DATA SUPPLIED section start

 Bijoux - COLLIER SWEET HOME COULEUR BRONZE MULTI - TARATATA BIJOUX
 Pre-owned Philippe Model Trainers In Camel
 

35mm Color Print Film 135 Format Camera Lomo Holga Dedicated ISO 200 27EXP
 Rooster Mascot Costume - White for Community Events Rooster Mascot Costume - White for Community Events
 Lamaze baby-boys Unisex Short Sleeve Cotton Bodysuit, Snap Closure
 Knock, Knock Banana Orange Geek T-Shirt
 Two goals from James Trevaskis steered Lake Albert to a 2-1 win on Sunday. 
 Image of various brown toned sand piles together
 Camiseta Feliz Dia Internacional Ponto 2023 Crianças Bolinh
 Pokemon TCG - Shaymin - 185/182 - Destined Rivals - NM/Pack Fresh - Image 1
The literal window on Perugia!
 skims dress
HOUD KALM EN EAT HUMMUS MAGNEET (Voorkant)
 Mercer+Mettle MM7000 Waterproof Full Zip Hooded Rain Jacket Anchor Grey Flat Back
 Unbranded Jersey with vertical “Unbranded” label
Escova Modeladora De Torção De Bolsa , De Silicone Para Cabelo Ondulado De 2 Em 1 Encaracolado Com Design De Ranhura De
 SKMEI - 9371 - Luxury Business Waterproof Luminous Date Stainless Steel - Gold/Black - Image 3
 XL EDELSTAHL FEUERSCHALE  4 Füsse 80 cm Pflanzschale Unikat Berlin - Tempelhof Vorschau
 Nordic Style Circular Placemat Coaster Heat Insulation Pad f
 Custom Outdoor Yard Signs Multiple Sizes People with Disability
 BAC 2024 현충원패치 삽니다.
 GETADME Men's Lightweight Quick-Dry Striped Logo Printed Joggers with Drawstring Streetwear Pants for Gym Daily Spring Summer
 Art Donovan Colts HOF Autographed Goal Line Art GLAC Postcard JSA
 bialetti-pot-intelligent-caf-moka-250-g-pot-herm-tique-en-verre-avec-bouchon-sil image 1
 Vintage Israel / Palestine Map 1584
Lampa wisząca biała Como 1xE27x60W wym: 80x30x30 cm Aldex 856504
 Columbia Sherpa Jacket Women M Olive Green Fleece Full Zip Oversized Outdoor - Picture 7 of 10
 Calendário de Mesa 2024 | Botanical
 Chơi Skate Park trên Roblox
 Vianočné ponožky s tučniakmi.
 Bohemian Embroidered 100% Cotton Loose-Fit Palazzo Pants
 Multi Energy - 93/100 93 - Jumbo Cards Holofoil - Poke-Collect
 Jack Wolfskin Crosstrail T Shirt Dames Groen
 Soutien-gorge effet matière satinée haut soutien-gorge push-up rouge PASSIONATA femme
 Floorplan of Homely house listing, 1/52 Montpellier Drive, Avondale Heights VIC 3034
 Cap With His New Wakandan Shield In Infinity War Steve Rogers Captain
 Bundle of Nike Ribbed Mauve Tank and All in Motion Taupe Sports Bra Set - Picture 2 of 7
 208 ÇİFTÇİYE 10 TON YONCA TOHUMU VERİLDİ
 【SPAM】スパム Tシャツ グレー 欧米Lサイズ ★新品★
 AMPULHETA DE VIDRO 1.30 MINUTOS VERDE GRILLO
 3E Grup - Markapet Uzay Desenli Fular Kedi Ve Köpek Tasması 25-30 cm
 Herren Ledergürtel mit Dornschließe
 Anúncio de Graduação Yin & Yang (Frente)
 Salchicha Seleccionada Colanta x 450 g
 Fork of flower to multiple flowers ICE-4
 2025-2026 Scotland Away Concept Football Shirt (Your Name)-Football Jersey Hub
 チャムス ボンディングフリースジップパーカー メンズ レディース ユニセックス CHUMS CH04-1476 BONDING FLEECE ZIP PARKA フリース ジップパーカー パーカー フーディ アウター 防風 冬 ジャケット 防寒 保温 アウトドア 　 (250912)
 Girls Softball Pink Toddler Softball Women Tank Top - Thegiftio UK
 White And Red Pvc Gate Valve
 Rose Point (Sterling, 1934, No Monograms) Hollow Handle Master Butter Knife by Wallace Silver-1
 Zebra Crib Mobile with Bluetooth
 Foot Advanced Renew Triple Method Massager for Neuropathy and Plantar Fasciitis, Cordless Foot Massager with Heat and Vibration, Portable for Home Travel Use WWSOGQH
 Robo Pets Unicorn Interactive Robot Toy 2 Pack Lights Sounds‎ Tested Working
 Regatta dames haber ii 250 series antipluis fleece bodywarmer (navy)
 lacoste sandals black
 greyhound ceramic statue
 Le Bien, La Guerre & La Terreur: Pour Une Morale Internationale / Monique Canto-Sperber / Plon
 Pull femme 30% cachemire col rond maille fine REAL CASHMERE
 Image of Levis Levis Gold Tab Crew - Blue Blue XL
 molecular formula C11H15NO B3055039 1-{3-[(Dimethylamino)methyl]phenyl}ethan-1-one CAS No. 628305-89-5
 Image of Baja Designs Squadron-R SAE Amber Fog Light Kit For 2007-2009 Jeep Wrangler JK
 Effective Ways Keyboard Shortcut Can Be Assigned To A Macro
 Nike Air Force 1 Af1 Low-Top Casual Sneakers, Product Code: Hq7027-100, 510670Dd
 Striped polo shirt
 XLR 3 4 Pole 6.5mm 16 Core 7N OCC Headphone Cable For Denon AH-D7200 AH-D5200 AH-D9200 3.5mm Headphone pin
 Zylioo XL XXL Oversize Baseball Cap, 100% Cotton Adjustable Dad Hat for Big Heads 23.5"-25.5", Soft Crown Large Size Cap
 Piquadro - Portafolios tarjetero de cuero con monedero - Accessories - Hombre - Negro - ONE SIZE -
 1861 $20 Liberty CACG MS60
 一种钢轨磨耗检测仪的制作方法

DATA SUPPLIED section end

PROBLEM DESCRIPTION -
Pull out every line in the data above that has the word "Tank".

EXERCISE ANSWER -
 Bundle of Nike Ribbed Mauve Tank and All in Motion Taupe Sports Bra Set - Picture 2 of 7
 Girls Softball Pink Toddler Softball Women Tank Top - Thegiftio UK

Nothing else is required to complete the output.